Check the records below line by line, and report how many lines include the string "image". No other words are needed.

• [RAW DATA]:
Segment Open

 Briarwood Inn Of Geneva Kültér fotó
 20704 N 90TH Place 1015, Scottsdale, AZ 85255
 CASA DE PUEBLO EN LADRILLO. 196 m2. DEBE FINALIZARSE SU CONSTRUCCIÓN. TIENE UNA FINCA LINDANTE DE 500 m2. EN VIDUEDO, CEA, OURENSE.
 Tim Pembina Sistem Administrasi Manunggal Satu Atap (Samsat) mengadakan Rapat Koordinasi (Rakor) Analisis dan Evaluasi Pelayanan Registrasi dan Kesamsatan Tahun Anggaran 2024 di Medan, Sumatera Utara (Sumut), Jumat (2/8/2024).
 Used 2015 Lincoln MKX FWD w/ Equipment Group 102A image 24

Segment Closed
Segment Open

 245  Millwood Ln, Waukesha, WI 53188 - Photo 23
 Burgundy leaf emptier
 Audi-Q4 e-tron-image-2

Segment Closed

• [REPLY]: 2